» TASK OBJECTIVE
Starting with the line with "Antler Pair by" in the entries below and going on through the line with "The Sunset- Vegan", output every line exactly and nothing more. No pictures.

» DATA SUPPLIED
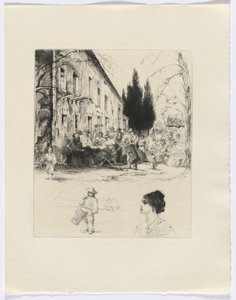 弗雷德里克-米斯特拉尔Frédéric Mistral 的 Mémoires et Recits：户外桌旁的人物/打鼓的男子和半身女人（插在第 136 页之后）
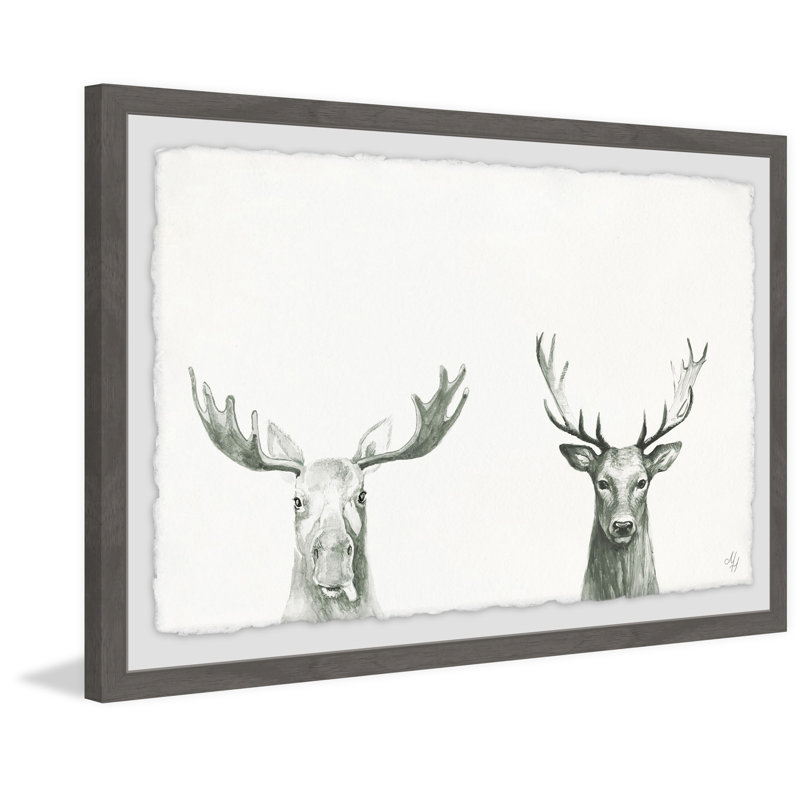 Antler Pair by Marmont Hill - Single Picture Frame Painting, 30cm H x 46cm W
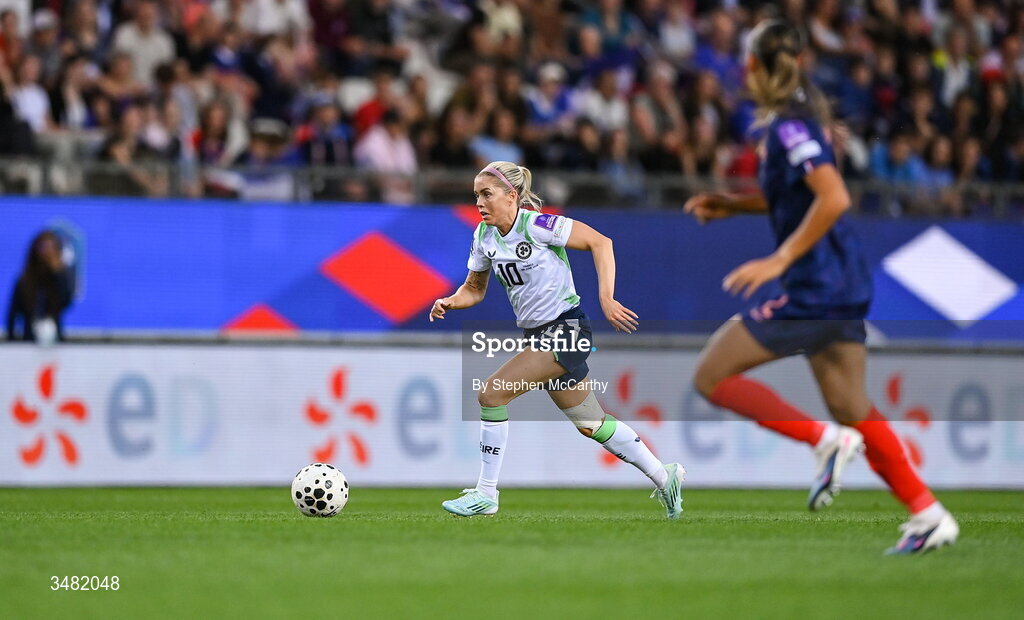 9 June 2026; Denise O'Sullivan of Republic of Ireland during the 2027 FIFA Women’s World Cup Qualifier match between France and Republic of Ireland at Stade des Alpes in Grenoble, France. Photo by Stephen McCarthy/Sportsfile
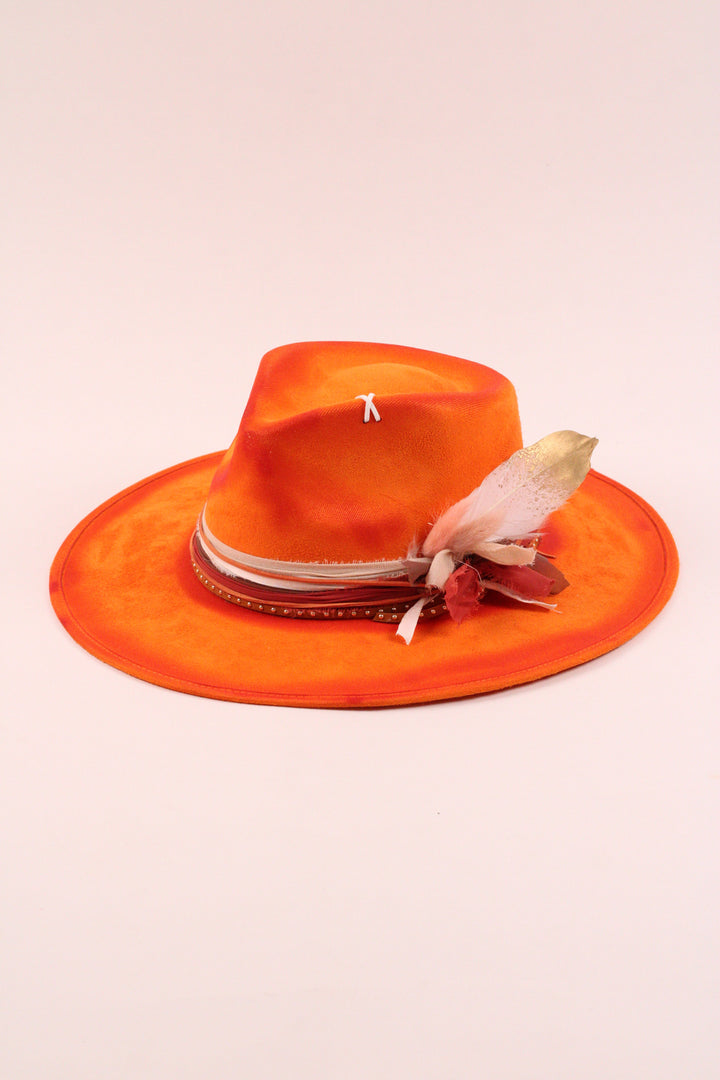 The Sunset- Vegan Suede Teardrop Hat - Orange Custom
==
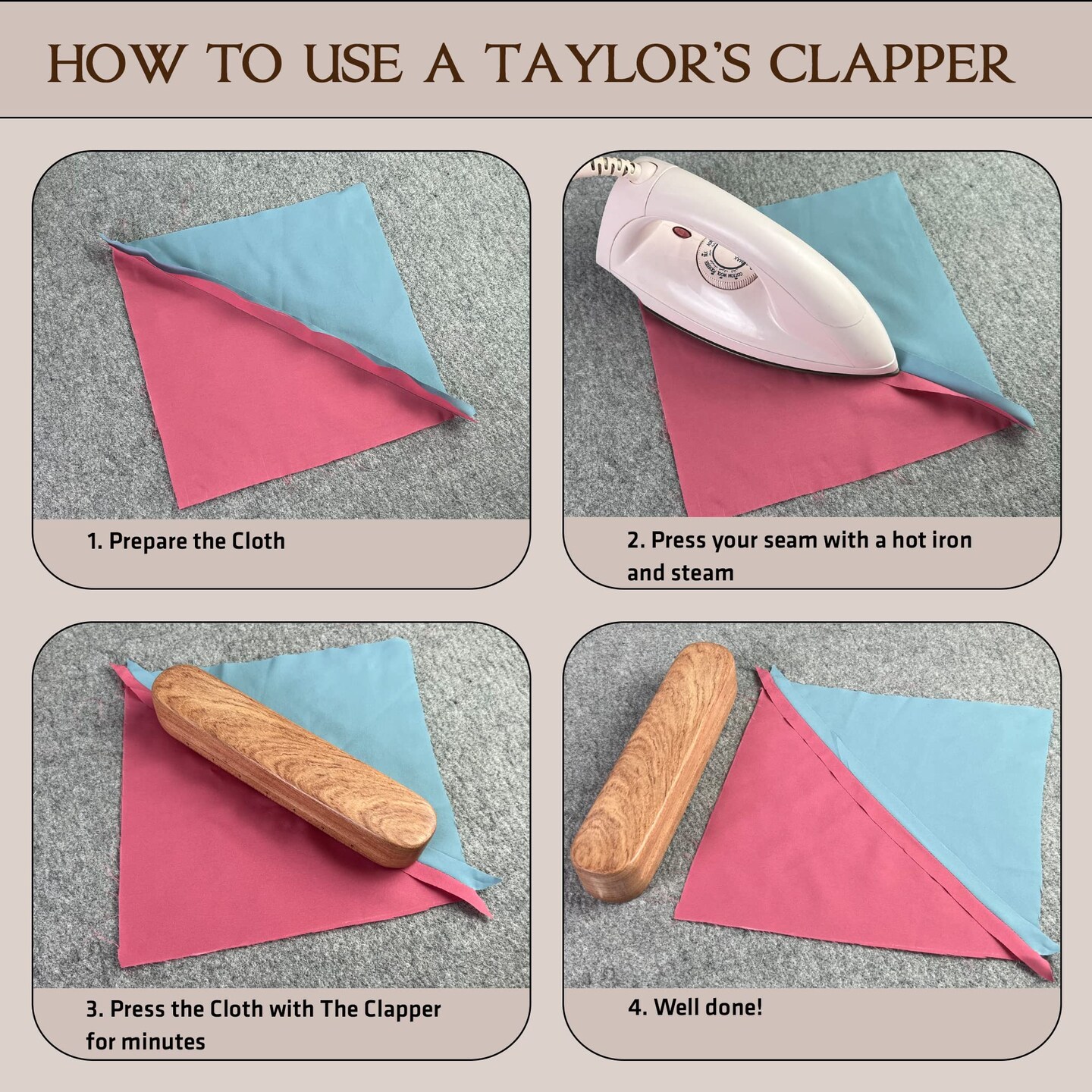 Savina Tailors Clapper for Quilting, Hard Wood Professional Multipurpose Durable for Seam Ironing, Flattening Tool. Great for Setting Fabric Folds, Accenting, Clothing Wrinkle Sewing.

» EXERCISE RESPONSE
 Antler Pair by Marmont Hill - Single Picture Frame Painting, 30cm H x 46cm W
 9 June 2026; Denise O'Sullivan of Republic of Ireland during the 2027 FIFA Women’s World Cup Qualifier match between France and Republic of Ireland at Stade des Alpes in Grenoble, France. Photo by Stephen McCarthy/Sportsfile
 The Sunset- Vegan Suede Teardrop Hat - Orange Custom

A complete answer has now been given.